2 CH_{3}CO_{2}H + Ag_{2}CO_{3} → 2 AgO_{2}CCH_{3} + H_{2}O + CO_{2}
Solid silver acetate precipitates upon concentration of solutions of silver nitrate and sodium acetate.

The structure of silver acetate consists of 8-membered Ag_{2}O_{4}C_{2} rings formed by a pair of acetate ligands bridging a pair of silver centres.

==Reactions==
Silver acetate finds use in certain transformations in organic synthesis.

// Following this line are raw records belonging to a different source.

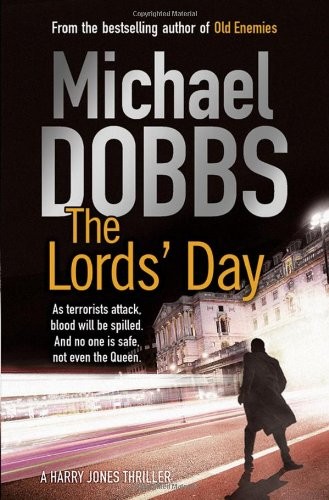 The lords day harry - the,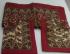 BEDSHEET JAIPUR PRINTED 90X108 2 PILLOW COVER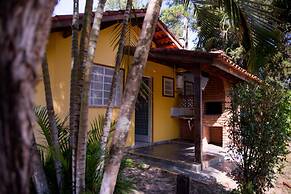 Camping e Pousada Carrion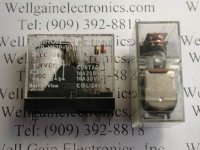 OMRON RELAY G2R-1117P-V-RP-US 24VDC 50+2+3 W3.JPG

===Sulfenamide synthesis===
Silver acetate is used to prepare sulfenamides from disulfides and secondary amines:
 R_{2}NH + AgOAc + (RS)_{2} → R_{2}NSR + AgSR + HOAc

===Hydrogenation===
A solution of silver acetate in pyridine absorbs hydrogen, producing metallic silver:
2 CH_{3}CO_{2}Ag + H_{2} → 2 Ag + 2 CH_{3}CO_{2}H

===Direct ortho-arylation===
Silver acetate is a reagent for direct ortho-arylation (to install two adjacent substituents on an aromatic ring) of benzylamines and N-methylbenzylamines. The reaction is palladium-catalyzed and requires a slight excess of silver acetate. This reaction is shorter than previous ortho-arylation methods.

===Oxidative dehalogenation===
Silver acetate can be used to convert certain organohalogen compounds into alcohols. It may be used, in spite of its high cost, in instances where a mild and selective reagent is desired.

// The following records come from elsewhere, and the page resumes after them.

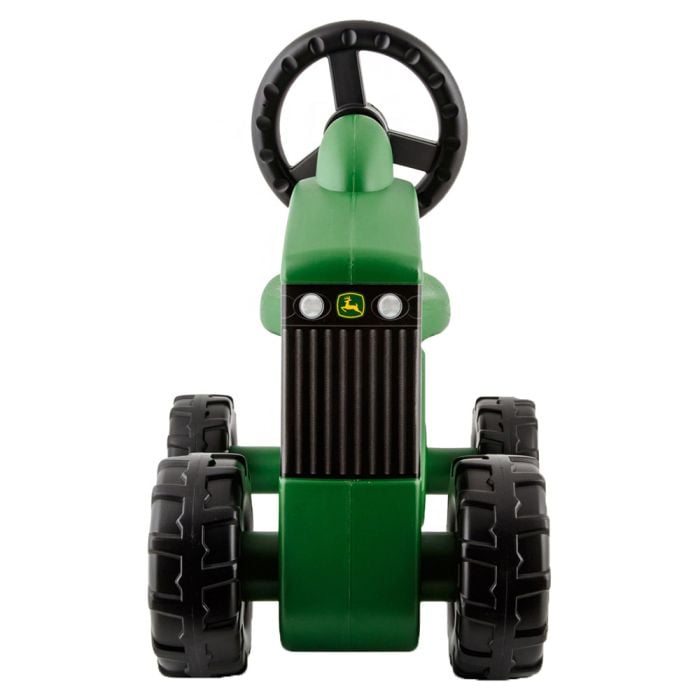 John Deere Sit n Scoot Tractor Ride on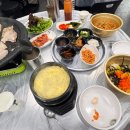 주문진 터미널앞 | 주문진 내돈내산 현지인맛집 꽃삼겹살 후기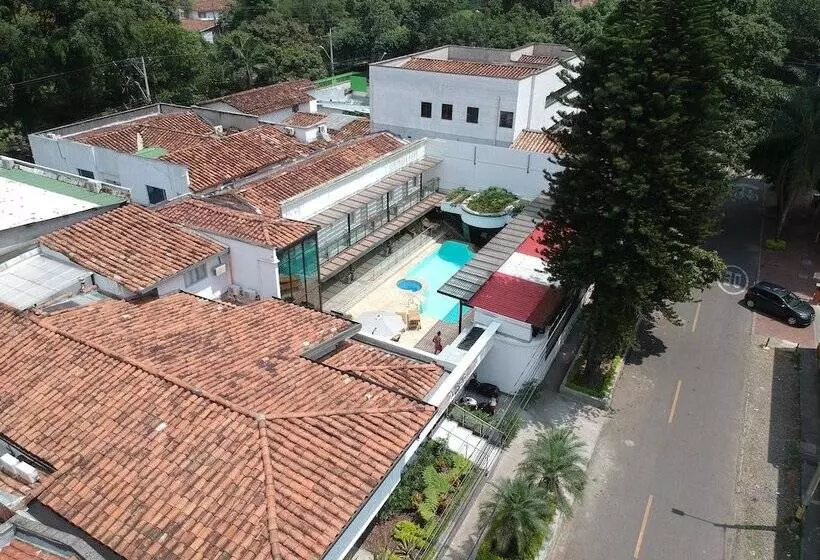 Medellin Vibes Hostel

===Woodward cis-hydroxylation===
Silver acetate in combination with iodine forms the basis of the Woodward cis-hydroxylation. This reaction selectively converts an alkene into a cis-diol.

==Uses==
In the health field, silver acetate-containing products have been used in gum, spray, and lozenges to deter smokers from smoking. The silver in these products, when mixed with smoke, creates an unpleasant metallic taste, thus deterring them from smoking. Lozenges containing 2.5 mg of silver acetate showed "modest efficacy" on 500 adult smokers tested over a three-month period. However, over a period of 12 months, prevention failed. In 1974, silver acetate was first introduced in Europe as an over-the-counter smoking-deterrent lozenge (Repaton) and then three years later as a chewing gum (Tabmint).

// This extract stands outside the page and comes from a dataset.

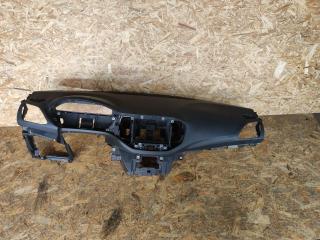 панель передняя салона (торпедо) Lada Vesta 1 поколение 2019, 1.6 л., бензин, МКПП, седан, 8450007414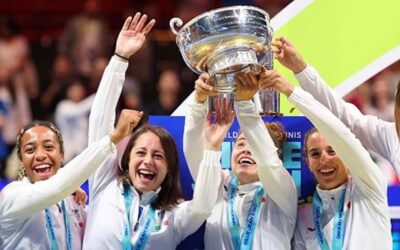 Velletri ospiterà la Billie Jean King Cup 2026 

Silver acetate is also a well known precursor used in printed electronics. Particularly, complexes of silver acetate have been reported to form particle free "reactive inks" that form traces that approach bulk silver conductivity (within one order of magnitude).

==Safety==
The LD_{50} of silver acetate in mice is 36.7 mg/kg. Low doses of silver acetate in mice produced hyper-excitability, ataxia, central nervous system depression, labored breathing, and even death. The U.S. FDA recommends that silver acetate intake be limited to 756 mg over a short period of time; excessive intake may cause argyria.